My aunt has Down's Syndrome and paranoid schizophrenia. She has lived with my grandma for years. The two of them alternately take care of each other and drive each other crazy. Today my aunt is moving into a group home. Not because there is an immediate need, but because we don't know how much longer Grandma will be able to live independently. Patsy needed to be settled in a comfortable, safe environment before the inevitable happened. In the past few weeks, men have been packing her things and moving her furniture. She is excited.
Grandma, on the other hand, is scared. Despite her knowledge that this is the best for Patsy and her protests that she will be just fine, she knows that this is the beginning of the end. Without the presence of another person, she may soon succumb to her fears and her confusion. She may lose the last bit of independence she has - her little house by the park.
My grandma will be 84 this July. She was the first Caucasian child to be born in a tiny town in Alaska. An only child, she grew up fiercely independent. In an era when women became housewives and mothers as soon as possible, she didn't marry until her mid 30's and didn't have her first child until her early 40's. She moved from place to place, following Grandpa's government job, for years. She made friends with her natural gift for conversation. She made enemies with her willingness to stand up and vigerously fight what she perceived as wrongs.

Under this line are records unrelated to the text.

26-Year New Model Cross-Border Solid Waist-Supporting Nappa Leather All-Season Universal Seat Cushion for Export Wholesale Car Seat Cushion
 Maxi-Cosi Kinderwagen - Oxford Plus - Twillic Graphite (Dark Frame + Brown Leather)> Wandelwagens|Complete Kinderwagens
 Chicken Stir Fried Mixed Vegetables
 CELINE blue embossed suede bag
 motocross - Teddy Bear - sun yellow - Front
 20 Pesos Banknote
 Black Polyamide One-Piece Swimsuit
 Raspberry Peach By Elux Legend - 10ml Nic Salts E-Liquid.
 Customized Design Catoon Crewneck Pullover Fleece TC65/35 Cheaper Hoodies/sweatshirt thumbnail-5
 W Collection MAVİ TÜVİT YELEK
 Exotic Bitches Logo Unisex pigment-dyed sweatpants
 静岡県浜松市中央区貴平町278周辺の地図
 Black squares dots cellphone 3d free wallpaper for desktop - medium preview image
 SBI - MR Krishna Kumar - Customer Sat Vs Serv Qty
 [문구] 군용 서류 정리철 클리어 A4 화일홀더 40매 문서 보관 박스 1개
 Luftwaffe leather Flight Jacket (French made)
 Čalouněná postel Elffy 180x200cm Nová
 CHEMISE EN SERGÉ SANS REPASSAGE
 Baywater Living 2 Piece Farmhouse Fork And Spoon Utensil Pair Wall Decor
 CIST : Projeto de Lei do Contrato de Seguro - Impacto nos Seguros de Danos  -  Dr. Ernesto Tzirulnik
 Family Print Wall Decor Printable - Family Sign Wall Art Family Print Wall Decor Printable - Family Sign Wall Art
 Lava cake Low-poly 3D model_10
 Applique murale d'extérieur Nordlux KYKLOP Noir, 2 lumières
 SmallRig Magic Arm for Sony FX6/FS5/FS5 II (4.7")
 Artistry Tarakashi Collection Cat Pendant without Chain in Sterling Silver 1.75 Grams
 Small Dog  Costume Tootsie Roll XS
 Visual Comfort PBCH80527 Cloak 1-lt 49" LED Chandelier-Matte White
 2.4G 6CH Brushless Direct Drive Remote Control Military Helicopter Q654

One of the things she fought for most vigerously was rights and benefits for people with disabilities. As a child, I was always impressed by the wall of plaques and awards that she had aquired through her various projects and committees. She listened to the doctor tell her that her oldest daughter should be sent away because of her extra 21st chromosome and realized that he was a fool. Because of her strength, my aunt has been able to experience friendship and love. She has had a job and her own apartment. All because Grandma looked the doctor in the eye and recognized his expertise for what it really was - fear and ignorance. She was so strong.
As I write this, I have tears on my cheeks. When I was younger I always knew that I would be the one to help Grandma when she got older. I had it all planned out. I would finish college and move back to my hometown. Eventually, Grandma would need someone to stay with her and that someone would obviously be me. I would teach during the day and in the evenings Grandma and I would make dinner together and talk about the things she had seen and learned throughout her lifetime. I would be there to make sure she didn't lose her independence.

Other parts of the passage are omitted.